Desde cuando Bolívar empezó con sus constituciones, Colombia se inscribió en esta tradición, no universal, pero sí predominante en el mundo: un país que aspire a tener instituciones y alguna forma funcional de democracia puede y tal vez debe aprobar una Constitución. La más famosa es la americana, vigente desde 1776 y a la que se le han hecho apenas 27 enmiendas, la última en 1992. Una de ellas, la 21, revoca la 18, que instituía en Estados Unidos la demente prohibición del alcohol. Allá reformar la ley de leyes es un asunto de inmensa gravedad e importancia.

En Colombia, tras numerosos experimentos decimonónicos, se implantó la Constitución de 1886, conservadora, confesional y poco democrática, que duró hasta 1991, cuando se proclamó y acogió la que hoy nos rige. Pese a que se ha estabilizado, ha tenido a todo lo largo una serie de males endémicos que hasta hoy ponen el peligro su vigencia futura. Dejo este debate a otros, si bien inestabilidad es proverbial, pues ha tenido una cuarentena larga de reformas. Alguien dirá que el número es un chiste, al menos en México, donde la de 1917 ha tenido casi 700 reformas.

Aquí quiero centrarme en el dilema del título: qué partes son letra viva y qué partes letra muerta. Aclaremos que hasta hace tres años, en amplias zonas del país no regían la mayoría de los artículos penales, pues se secuestraba, masacraba, asesinaba, reclutaba a menores y saqueaba el erario casi sin consecuencias. La parte sustancial del Acuerdo de Paz está empezando a revivir esos artículos de la Constitución, claro, hacia el futuro, pues las más graves violaciones del pasado se van a castigar con clemencia y las demás van a tener un olvido judicial, aunque esperemos que no político ni ideológico. Es comprensible. Un país que pretenda reescribir y/o reformar su agitada historia a punta de un cúmulo de fallos retrasados se ve confrontado con un fracaso ineludible. Mejor reformar el presente y, sobre todo, el futuro.

Sin embargo, la tradición del conflicto instituyó una serie de tradiciones perniciosas. Una de ellas, que sigue viva hoy, es que los agravios que tienen pendientes las comunidades, por ejemplo las indígenas, pueden conducir al bloqueo de carreteras vitales durante semanas o a apoderarse de edificios emblemáticos, lo cual está prohibido por el artículo 24 de la Constitución que dice: “Todo colombiano, con las limitaciones que establezca la ley, tiene derecho a circular libremente por el territorio nacional”. El artículo ha desembocado en numerosas leyes específicas que tipifican delitos.

Hay otros artículos cuestionados, por ejemplo, el 332, que dice que el subsuelo es propiedad de la nación. ¿Cierto o las comunidades pueden prohibir la explotación en sus territorios aledaños?

Digamos, para concluir, que al cumplir más de un cuarto de siglo una Constitución empieza a tener edad y peso.
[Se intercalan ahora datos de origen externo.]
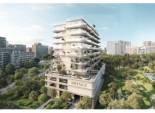Nieuwbouw  - Appartement  -
Dubai Islands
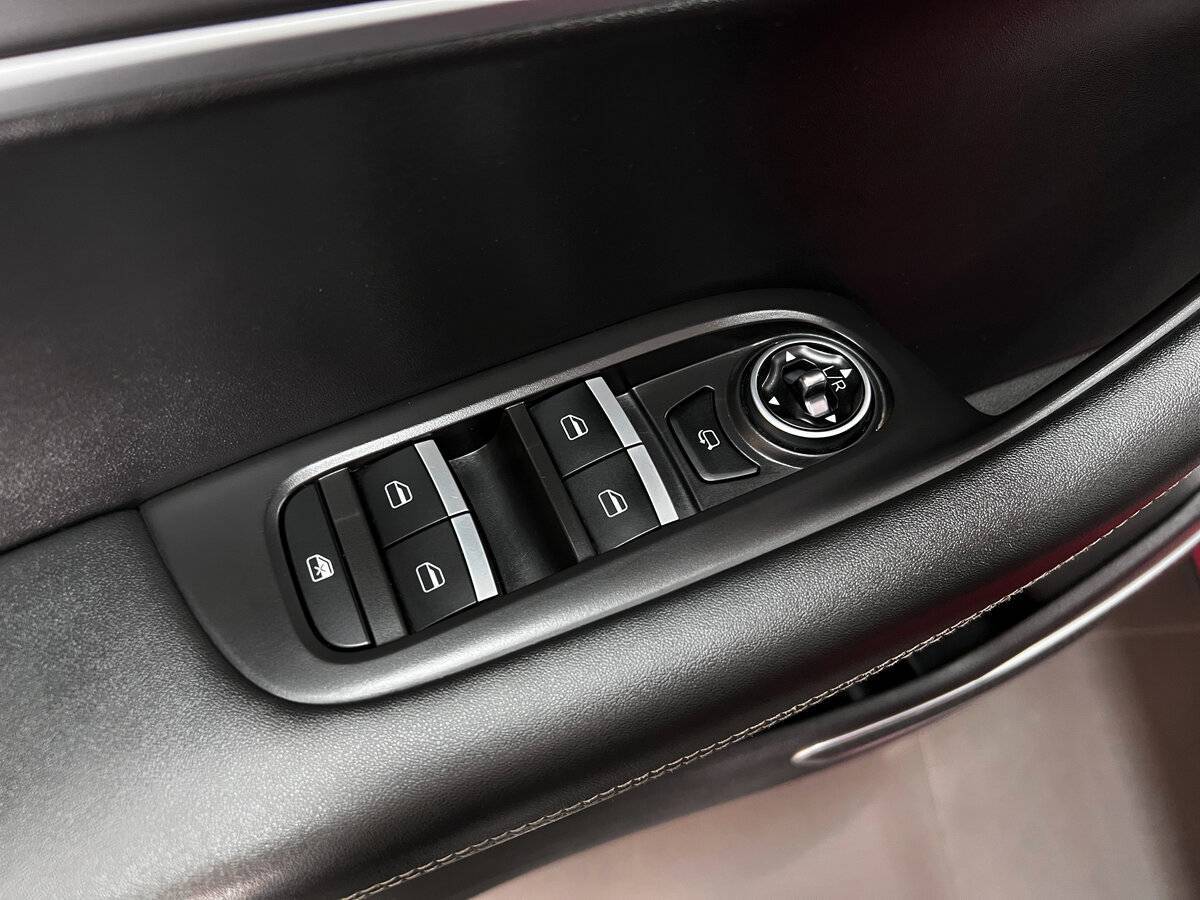 Продажа Б/У Чери Тигго 7 Про. Фото: #13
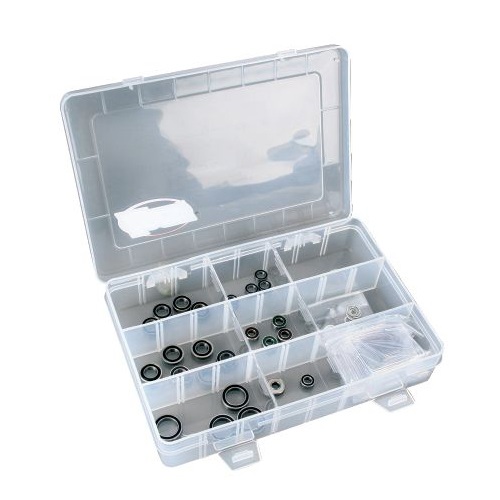 Losi 8IGHT/T Bearing Box with Bearings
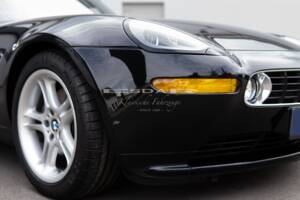 Bild 39/39 von BMW Z8 (2001)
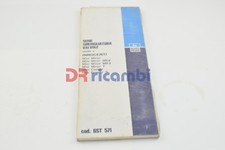 Joints Innocenti MINI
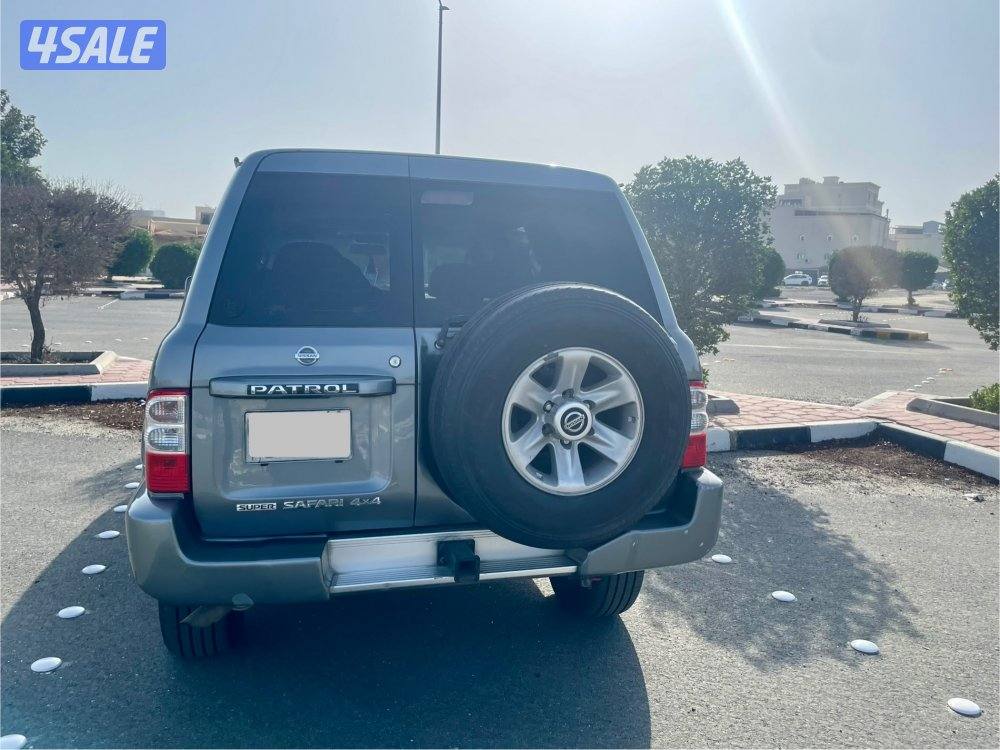 فتك سوبر سفاري 20021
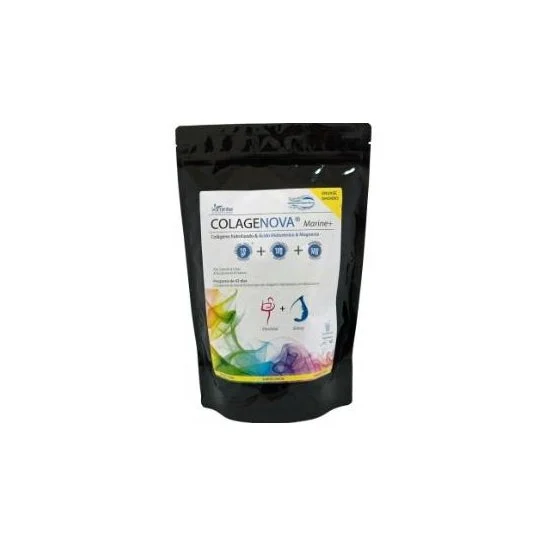 Vaminter Collagene Marino + Hial + Mg 590g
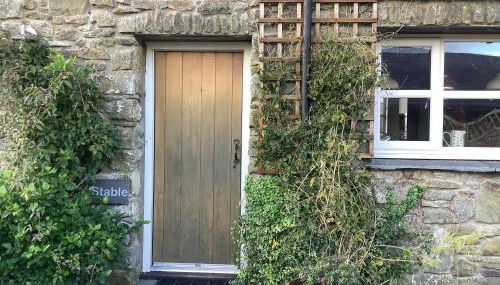 Stable Cottage - Foto 2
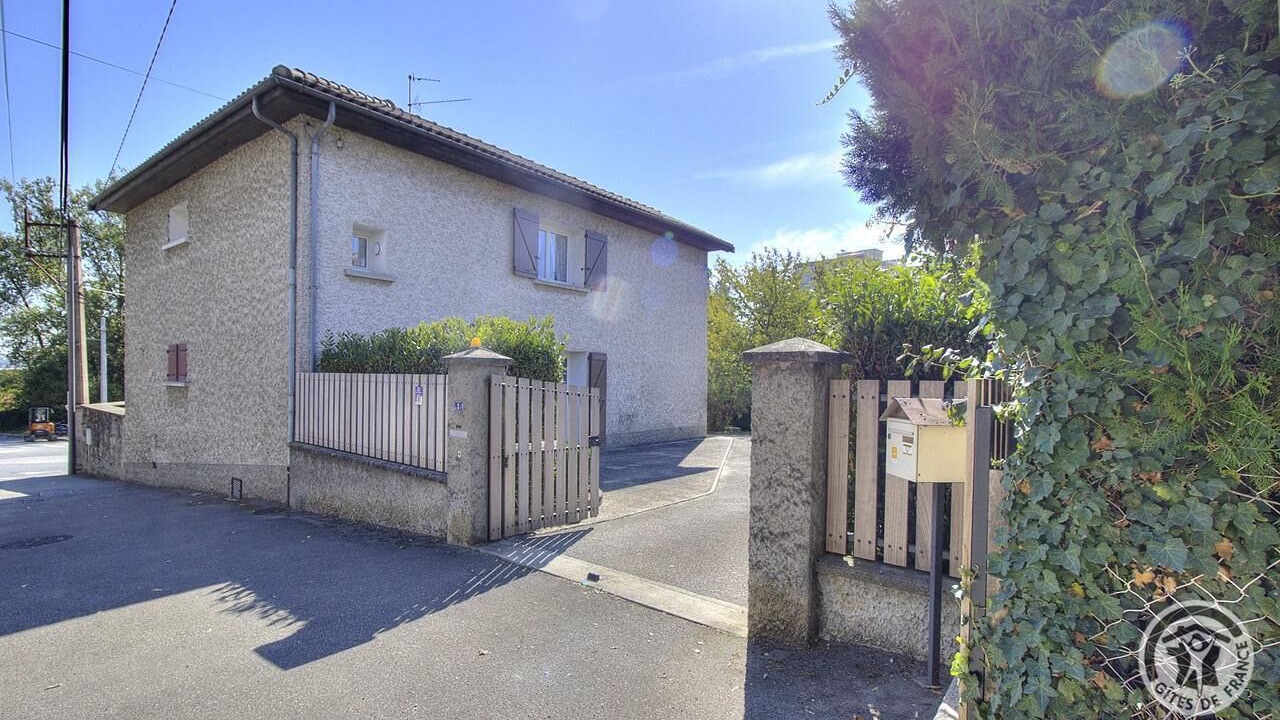 Photo of Outdoor in Saint-Genis-Laval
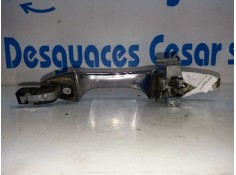 Recambio de maneta exterior delantera derecha para honda accord tourer (cn/cm) 2.2i ctdi executive referencia OEM IAM 72140SEAG0 2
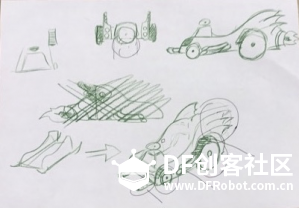 【12 DAYS OF TECHMAS 】圣诞漂移趴图3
Se los quitan, eso sí, la reformitis aguda, la desobediencia de artículos claves y el carácter intocable de los magistrados, vigilados apenas por la Comisión de Acusaciones que carece del menor poder.

Ojo que la revocatoria de la enmienda 18 que prohibía el alcohol en Estados Unidos fue porque la estaban violando de manera flagrante. Algo así no se puede permitir. Es decir, o hacemos respetar la Constitución o la reformamos o mañana llegará un caudillo a derogarla. Es un asunto central para declarar o negar nuestra seriedad como país.